Okay, that’s the organizational aspect covered, but there’s another big thing to note: The book has a list of artists, and which creatures they provided the artworks. I am always in favor of crediting people properly for their work, so kudos here – particularly considering the vast amount of full color art herein!! I wish more publishers did that. After this list, we have a pretty detailed “How to Use” for the book, which does include a handy summary of the poison rules (which imho are seriously superior to PF1’s take on poisons!). The section also explains the changes made to initiative (passive total) and Notice, which is essentially passive Perception.

 

Okay, so the book as a whole, obviously, is a monster book, and as such, it is devoted to presenting a ton of creatures for your game. I have reverse-engineered quite a lot of the critters herein, but not all of them. From the data I collected, I can attest a degree of precision that is beyond what you’d expect to see from a book of this size. Covering each and every creature herein would bloat the review beyond any utility, so I’ll try to provide a cross-section of what this book offers.

 

All right, so, what do we get? Well, the book supports quite a few of the less prominent outsiders, including aeons, and the CR 8 parabythos deserves special note: They can fire a blast that splits mortals in two – the body and a crystalline form, which is immobile, with both having half the target’s HP. And yes, getting rid/curing the affliction is included – unique, and flavorwise a neat niche covered here. The lepidoral agathion manages to make a bunny-person look cool, and has pretty brutal slaps that can cause confusion for a rather prolonged period of time, and speaking of agathions, there also are owl-agathions capable of creating blizzards. The book also introduces something rather uncommon, namely a low-CR angel, the meadow maid, and the book includes a psionic angel. Speaking of uncommon outsiders: What about a psionic beetle-like asura? The book also features a new demon lord, and something that made a lot sense to me: The apiary devils, essentially a whole low-CR caste of devils that acts as a group of individuals establishing footholds – and making fortresses, for they are super-adept at making new fortified structure.

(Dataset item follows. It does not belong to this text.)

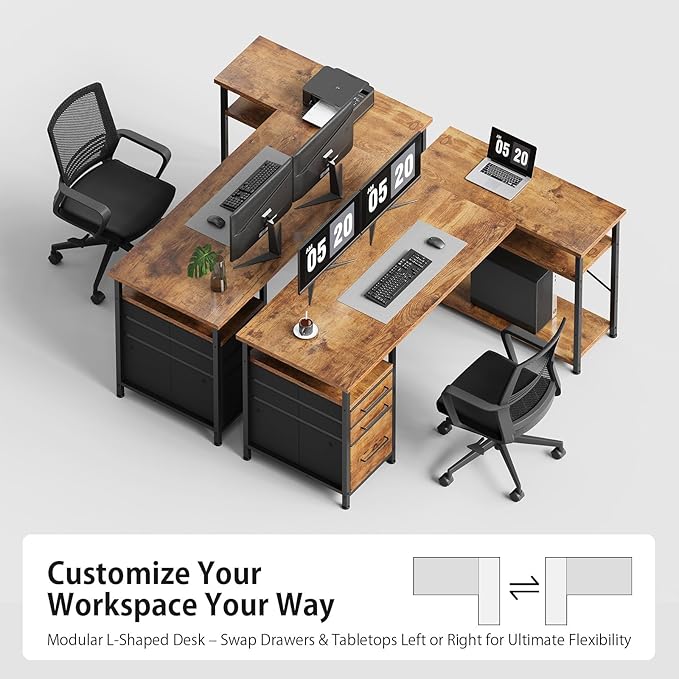 Maihail 55" Computer Desk with Drawers, Desks for Bedrooms, Writing Desk with Storage, Work Desk for Small Space, Rustic Brown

This makes so much sense in the context of infernal efficiency. 2 new genies (metal and wood) are also provided, and there’s a new inevitable as well – they are REALLY creepy to me, tasked with eliminated creatures of mixed bloodlines. Yep, that is a damn chilling thought here, having a four-armed monster come after you for your mixed bloodline…and did I mention the qlippoths designed to interact with mortals? They are also rather chilling.

 

Did I mention the sonic-themed sluu’gho? Or the four-armed warfan-using Hevaka, agents of Lyvalia, the Whispering Councillor?

 

The elemental themes of Porphyra are also represented in some really cool multi-type elementals, like the mighty CR 17 backdraft, which can suck targets prone and towards it, then deliver truly devastating multi-damage type explosions? Or the masagmasvima, hurling magma and an aura that can sicken targets?

 

Of course, there are a lot of other critters herein. For example, there are the one-eyed Abaasy giants with a fear-inducing gaze and horrid, metal lashes, the chthonic cyclops, and there are the anakim giants (aesthetically-coded as quasi-Sumerian); and with chingatrüll and drainpipe trolls provide 2 new types of trolls with unique signature abilities. Speaking of which: In case you were wondering, yes, this book does include several templates as well, for example ones for the unknowing creature, which is used to design creatures that haven’t realized that they’re dead – and who don’t take kindly to that being pointed out. Another example would be the hexenbiest template, which is a means to represent beings bound to a hag – as such, there is quite a bit of variety even within the template. Templates, of course, do include several sample creatures. I am particularly fond of the moldering template, since this template allows for the use of common molds and slimes as infections that take over the bodies of host creatures.

 

Do you like dragons as much as I do? Well, then this book has quite a lot of material for you! Beyond the guardian, hagiographical and porphyry drakes (4 statblocks provided for each of them), we also have the arid, ashen, darkstone and hoard dragons (3 statblocks + global rules provided for each of them), and the new CR 13 wasteland linnorm, which comes with suggested sample treasure. While an elemental, the sleet dragon is draconic in form, and the qi dragon is actually an animal and not exactly smart. I was surprised seeing that this fellow was not at least a magical beast, but its design is very much in line with the design paradigms of animals – very much focused on being a hunter, etc. The grotesque CR 20 typhoean, with its draconic headed arms can also be roughly considered to be a part of this section…and this also holds true for the really cool paper dragon golem! (CR 26, btw. – and yes, they are extremely deadly!)

 

Of course, there are more constructs in this book: There would be a spiderbot with laser webs, there are drones, there is a really cool guardian made from blood, linked to a ward? One of my favorites is the nightmare collector – a boss-monster-level construct that can create dark duplicates, with a smart Achilles’ heel – a very cool example of a puzzle boss!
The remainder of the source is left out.